S’agissant de la coordination entre l’OLT2 et la LCdF, le Tribunal fédéral rappelle sa jurisprudence. Dès lors que l’art. 26 al. 2 et 4 OLT2 et l’art. 39 LCdF s’appliquent aux entreprises situées à proximité des gares qui visent à répondre aux besoins des voyageurs, il convient de les interpréter de manière coordonnée. Ainsi, si une entreprise est considérée comme répondant aux besoins de la clientèle des chemins de fer au sens de l’art. 39 LCdF, il existe une présomption selon laquelle elle revêt également la qualité d’entreprise de services aux voyageurs au sens de l’art. 26 al. 2 et 4 OLT2. Cependant, les autorités en charge de l’application de la LTr restent compétentes pour examiner si les conditions de l’art. 26 al. 2 et 4 OLT2 sont remplies dans un cas concret.

En l’espèce, le fait que la Société de transports ait reconnu la qualité d’entreprise accessoire répondant aux besoins de la clientèle des chemins de fer au sens de l’art. 39 LCdF à la recourante n’est pas suffisant pour lui permettre d’occuper des travailleurs le dimanche. Encore faut-il que les conditions de l’art. 26 al. 2 et 4 OLT2 soient remplies.

Le Tribunal fédéral rappelle que l’art. 26 al. 2 et 4 OLT2, comme toutes les dérogations et exceptions à l’interdiction du travail de nuit et le dimanche, doit être interprété de manière restrictive, quand bien même les habitudes des consommateurs auraient subi une certaine évolution depuis l’adoption de la règle.

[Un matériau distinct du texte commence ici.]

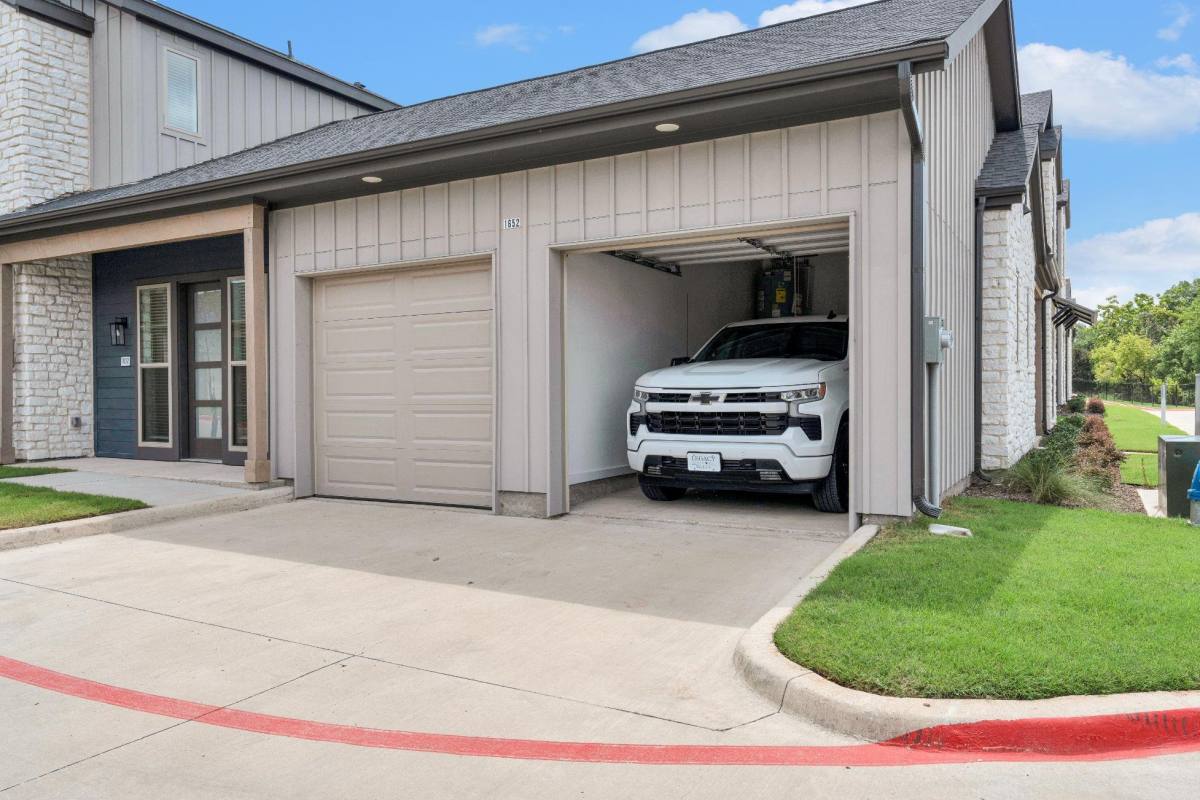 Apartment for rent at 1600 Firewheel Parkway, Garland, TX 75040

Se livrant à une interprétation de la norme, le Tribunal fédéral retient qu’il ne suffit pas qu’un point de vente se trouve dans le périmètre d’une gare, peu importent sa taille et le nombre de ses usagers, pour que l’exploitant puisse employer du personnel le dimanche. En effet, pour entrer dans la catégorie des entreprises de services aux voyageurs, la clientèle doit être effectivement composée par une large part de voyageurs. Le point de vente doit donc se trouver dans le périmètre d’une gare d’une certaine importance, s’agissant en tout cas de la fréquentation par des voyageurs.

En l’espèce, la desserte en transports publics de la gare de Châtel-St-Denis, et partant son utilisation par des voyageurs, sont restreintes. En semaine, les trains desservant cette commune sont principalement utilisés par des pendulaires se rendant à Bulle ou Palézieux pour y prendre des correspondances pour d’autres villes. Le dimanche, l’une des deux lignes de train est supprimée, et la seconde est réduite de moitié en matière de fréquence horaire. De même, les horaires des deux bus qui desservent la gare à destination de Vevey et des Paccots sont également réduits de près de la moitié le dimanche. Dans ces circonstances, c’est à raison que l’instance précédente a retenu que la clientèle de la recourante n’apparaît pas essentiellement composée de voyageurs, à tout le moins le dimanche.

Il découle de ce qui précède que l’instance précédente n’a pas violé l’art. 26 al. 2 et 4 OLT2. Partant, le Tribunal fédéral rejette le recours.